Pulling Images from Google using C# Express


*** Updated Jan 23, 2006 ***


I finally got around to updating this for the final release of Visual Studio 2005. Download the updated code here.


******


 


My Channel9 video that uses Visual C# Express to pull images from images.google.com is now available. You can find the video on Channel9 and download the code here.


 


 


Walkthrough


I’ll use this blog post to walk through the basics of the application and point out Whidbey features along the way.  You’ll notice a Toolstrip control at the top of the page with an image containing the C# Express logo, a textbox and a button. The ToolStripTextBox uses the new autocomplete features in VS ‘05 (you’ve probably run into this with Windows or Internet Explorer automatically populating entries) and uses a custom data source. While you can define these programmatically by creating an AutoCompleteStringCollection, I decided to hard code the autocomplete values in at design time by changing the AutoCompleteCustomSource property and typing in strings.

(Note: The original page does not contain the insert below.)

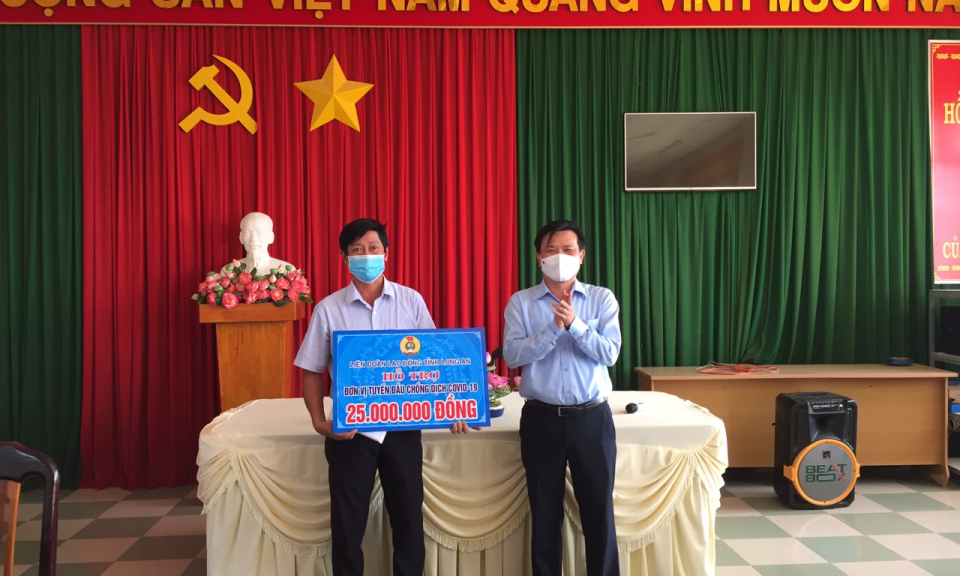 Phó Bí thư Thường trực Tỉnh ủy thăm và động viên lực lượng phòng chống dịch TP Tân An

For example purposes, I’ll search for Steve Ballmer.


 


 


We return pictures from Google into a ListView control and when a user clicks on the ListView control, we populate a large picture box with the high-resolution image as shown below.



I also added a context Menu on the high-resolution image so that you can set the selected picture as your Wallpaper.


 


 


 


How it all Works


 


If you’re familiar with how asynchronous operations work with the .NET Framework 1.1, you’ll realize that while it is a consistent programming model, it’s still a little complex (BeginInvoke, IAsyncResult, WaitHandle’s etc) then you would probably like.  VS ‘05 makes async programming a lot easier with the new BackgroundWorker class that can go execute a long running task in a background thread without the main UI thread feeling like it has hanged.  The Background worker class has some important properties and events:



  • WorkerSupportsProgress and WorkerSupportsCancellation which hold true/false values that let the backgroundworker report progress or cancel an async progress respectively.
  • The DoWork event fires when you call the BackgroundWorker.RunWorkerAsync() method.  You’ll simply need to hook up an event handler to the DoWork event that will do whatever long running task you want to have run on another thread.
  • The ProgressChanged event fires when you call the ReportProgress method inside of the DoWork event and allows you to show the current progress of the long running task.
  • The RunWorkerCompleted event fires when the asynchronous operation has completed. 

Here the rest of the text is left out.